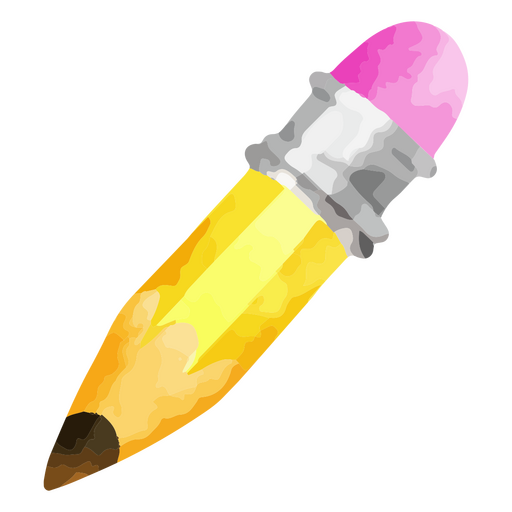 Bleistift-Aquarell-Schulelemente PNG-Design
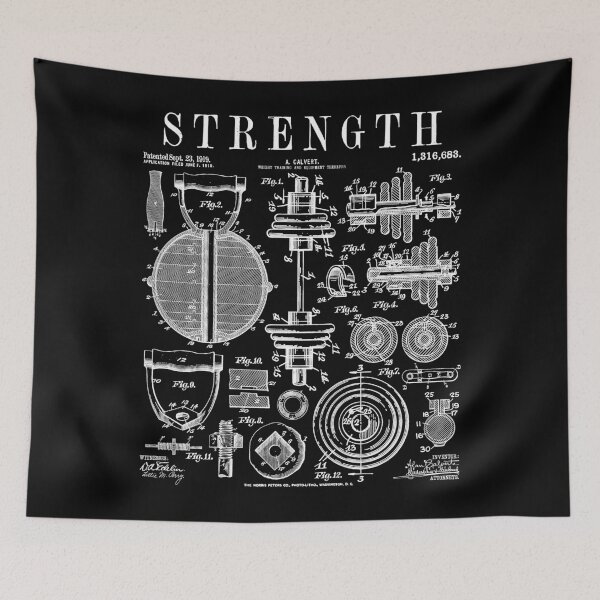 Item preview, Gym Fitness Workout Dumbbell Kettlebell Vintage Patent Print designed and sold by GrandeDuc.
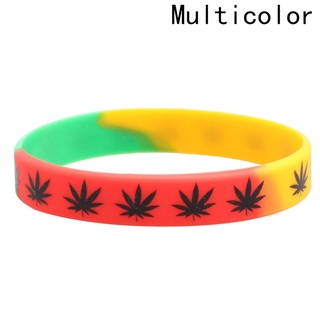 Colorida pulsera de moda de Cannabis deja Jamaica hierba Rasta Reggae silicona (4)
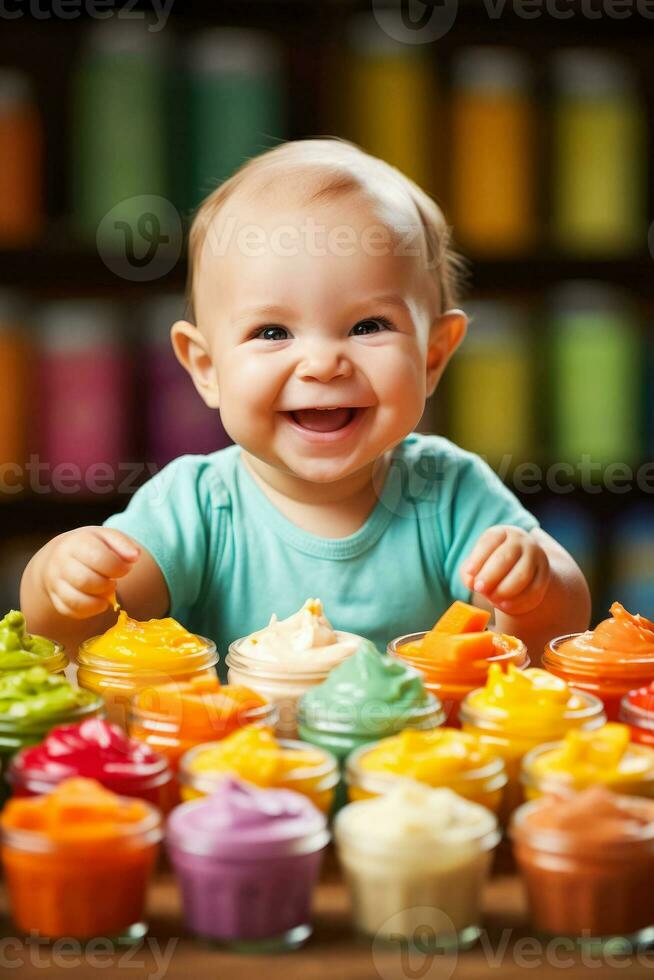 en närbild Foto av en Lycklig bebis påfrestande en mängd av färgrik och näringsrik vegan och vegetarian puréer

Task requirements: The lines from the one with "Item preview, Gym" to the end of the data above should be retyped exactly, both ends included, and pictures are to be left out.

Task result:
 Item preview, Gym Fitness Workout Dumbbell Kettlebell Vintage Patent Print designed and sold by GrandeDuc.
 Colorida pulsera de moda de Cannabis deja Jamaica hierba Rasta Reggae silicona (4)
 en närbild Foto av en Lycklig bebis påfrestande en mängd av färgrik och näringsrik vegan och vegetarian puréer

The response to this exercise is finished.